◆ DATA RECORDS ◆

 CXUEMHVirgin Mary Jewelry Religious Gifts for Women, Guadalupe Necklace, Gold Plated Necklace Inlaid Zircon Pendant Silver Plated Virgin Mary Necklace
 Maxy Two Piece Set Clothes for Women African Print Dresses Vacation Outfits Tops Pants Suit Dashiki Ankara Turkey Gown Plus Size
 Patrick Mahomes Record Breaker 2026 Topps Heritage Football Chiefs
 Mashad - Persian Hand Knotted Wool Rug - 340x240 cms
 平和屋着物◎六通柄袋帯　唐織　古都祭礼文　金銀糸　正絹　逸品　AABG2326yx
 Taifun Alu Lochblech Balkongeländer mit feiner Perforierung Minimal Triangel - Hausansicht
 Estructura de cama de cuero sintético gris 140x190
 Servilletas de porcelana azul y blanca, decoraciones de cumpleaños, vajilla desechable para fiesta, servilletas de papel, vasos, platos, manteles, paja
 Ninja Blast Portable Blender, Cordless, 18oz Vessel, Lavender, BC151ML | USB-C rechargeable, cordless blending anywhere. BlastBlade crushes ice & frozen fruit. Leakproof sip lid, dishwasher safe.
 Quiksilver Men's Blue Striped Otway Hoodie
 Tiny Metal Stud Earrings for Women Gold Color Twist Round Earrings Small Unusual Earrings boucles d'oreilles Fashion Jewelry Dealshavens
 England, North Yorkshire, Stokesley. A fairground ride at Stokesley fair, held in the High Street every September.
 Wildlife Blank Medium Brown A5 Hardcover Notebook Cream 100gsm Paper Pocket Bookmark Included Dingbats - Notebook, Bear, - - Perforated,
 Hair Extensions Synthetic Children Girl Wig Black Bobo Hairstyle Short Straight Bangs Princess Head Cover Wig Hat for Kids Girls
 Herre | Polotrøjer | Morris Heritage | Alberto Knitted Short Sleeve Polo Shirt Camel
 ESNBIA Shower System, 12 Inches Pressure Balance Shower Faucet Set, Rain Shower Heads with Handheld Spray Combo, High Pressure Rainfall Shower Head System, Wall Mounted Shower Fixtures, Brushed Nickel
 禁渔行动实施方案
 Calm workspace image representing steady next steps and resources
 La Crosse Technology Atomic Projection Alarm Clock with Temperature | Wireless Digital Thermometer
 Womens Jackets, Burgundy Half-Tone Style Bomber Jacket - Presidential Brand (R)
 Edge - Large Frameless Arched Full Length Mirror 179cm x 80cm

◆ TASK BRIEF ◆
Reproduce exactly the lines from the one containing "Mashad - Persian" through the last line of the records above, including both, and nothing else.

◆ TASK RESULT ◆
 Mashad - Persian Hand Knotted Wool Rug - 340x240 cms
 平和屋着物◎六通柄袋帯　唐織　古都祭礼文　金銀糸　正絹　逸品　AABG2326yx
 Taifun Alu Lochblech Balkongeländer mit feiner Perforierung Minimal Triangel - Hausansicht
 Estructura de cama de cuero sintético gris 140x190
 Servilletas de porcelana azul y blanca, decoraciones de cumpleaños, vajilla desechable para fiesta, servilletas de papel, vasos, platos, manteles, paja
 Ninja Blast Portable Blender, Cordless, 18oz Vessel, Lavender, BC151ML | USB-C rechargeable, cordless blending anywhere. BlastBlade crushes ice & frozen fruit. Leakproof sip lid, dishwasher safe.
 Quiksilver Men's Blue Striped Otway Hoodie
 Tiny Metal Stud Earrings for Women Gold Color Twist Round Earrings Small Unusual Earrings boucles d'oreilles Fashion Jewelry Dealshavens
 England, North Yorkshire, Stokesley. A fairground ride at Stokesley fair, held in the High Street every September.
 Wildlife Blank Medium Brown A5 Hardcover Notebook Cream 100gsm Paper Pocket Bookmark Included Dingbats - Notebook, Bear, - - Perforated,
 Hair Extensions Synthetic Children Girl Wig Black Bobo Hairstyle Short Straight Bangs Princess Head Cover Wig Hat for Kids Girls
 Herre | Polotrøjer | Morris Heritage | Alberto Knitted Short Sleeve Polo Shirt Camel
 ESNBIA Shower System, 12 Inches Pressure Balance Shower Faucet Set, Rain Shower Heads with Handheld Spray Combo, High Pressure Rainfall Shower Head System, Wall Mounted Shower Fixtures, Brushed Nickel
 禁渔行动实施方案
 Calm workspace image representing steady next steps and resources
 La Crosse Technology Atomic Projection Alarm Clock with Temperature | Wireless Digital Thermometer
 Womens Jackets, Burgundy Half-Tone Style Bomber Jacket - Presidential Brand (R)
 Edge - Large Frameless Arched Full Length Mirror 179cm x 80cm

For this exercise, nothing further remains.